## WORK INSTRUCTION
From the line that has "Espanha consolida liderança" down to the last line of the data below, set down every line exactly, but none of the pictures.

## ENTRIES SUPPLIED
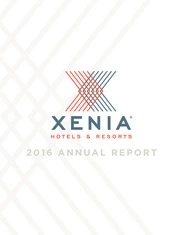 Xenia Hotels & Resorts Inc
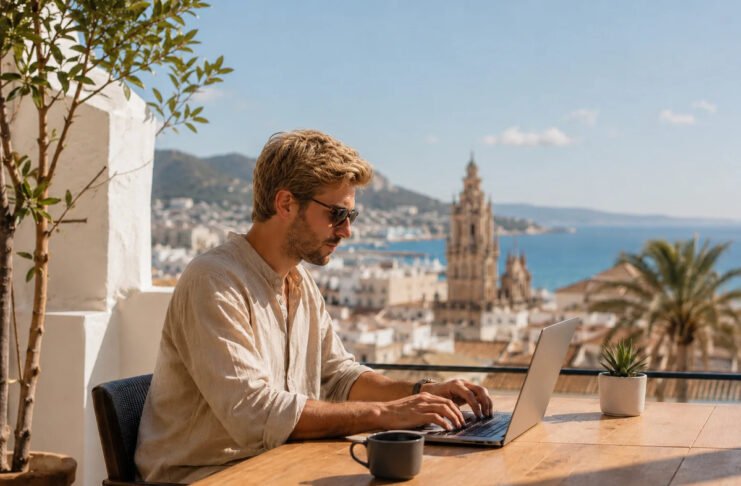 Espanha consolida liderança em vistos de nômade digital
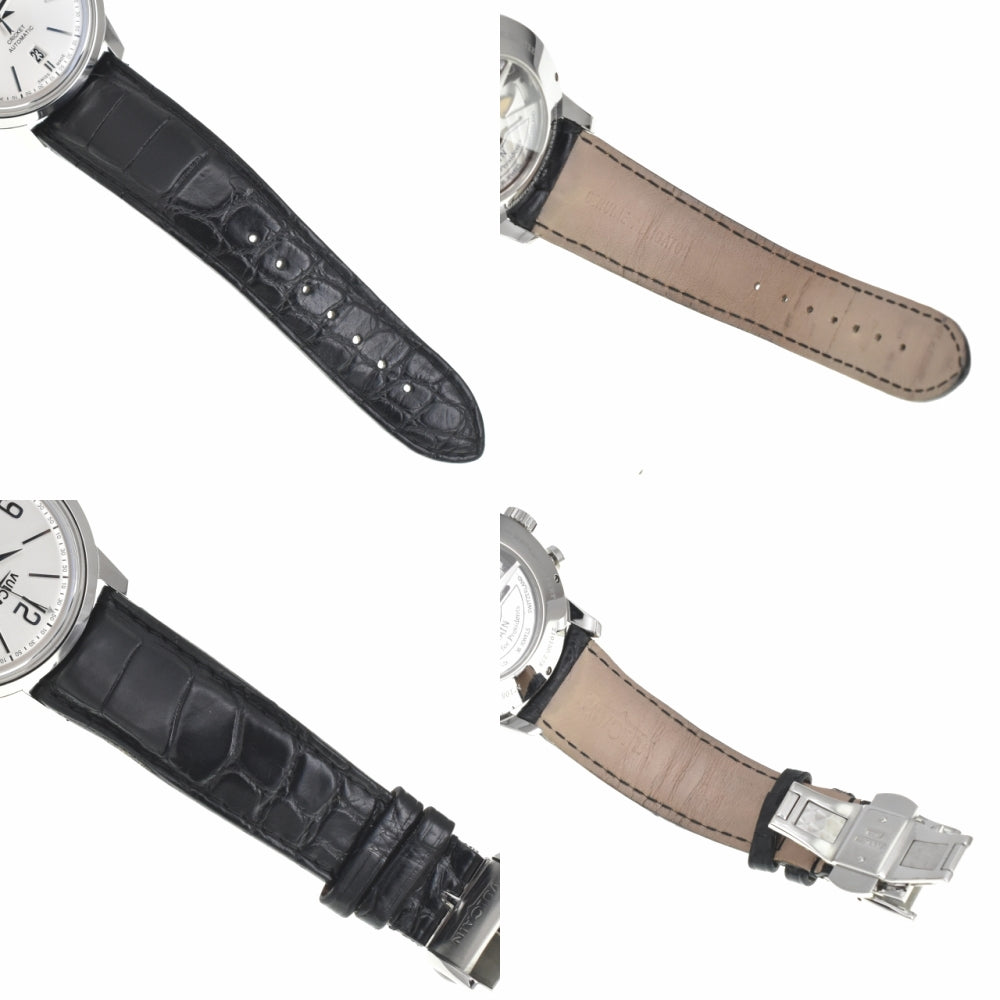 VULCAIN 50s President's Watch 210150.276LF Alarm function Silver Dial Automatic Men's
 Watch L#140326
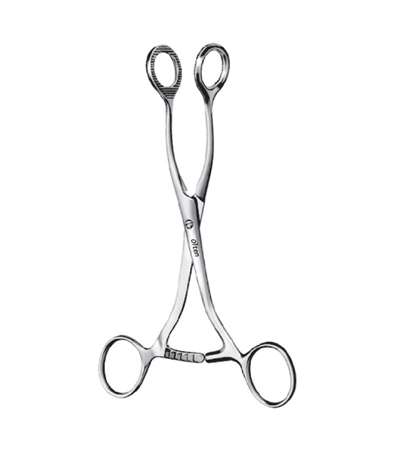 Collin Tongue Holding Forceps
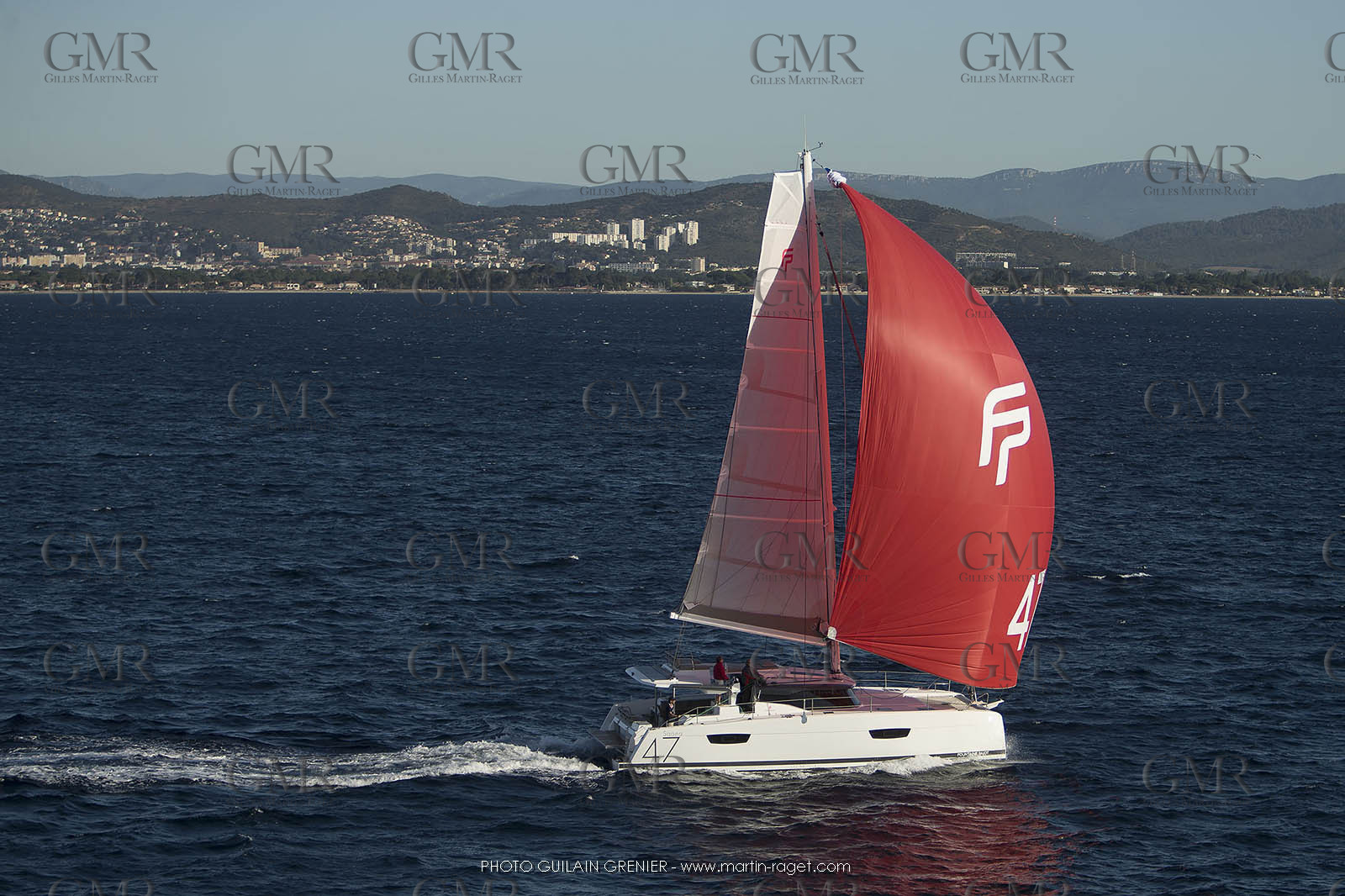 Saona 47 - Fountaine Pajot - shooting helico - 7 6 2017 - Photo Guilain Grenier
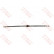Flexible de frein PHC279 TRW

## OUTPUT OF THE TASK
 Espanha consolida liderança em vistos de nômade digital
 VULCAIN 50s President's Watch 210150.276LF Alarm function Silver Dial Automatic Men's
 Watch L#140326
 Collin Tongue Holding Forceps
 Saona 47 - Fountaine Pajot - shooting helico - 7 6 2017 - Photo Guilain Grenier
Flexible de frein PHC279 TRW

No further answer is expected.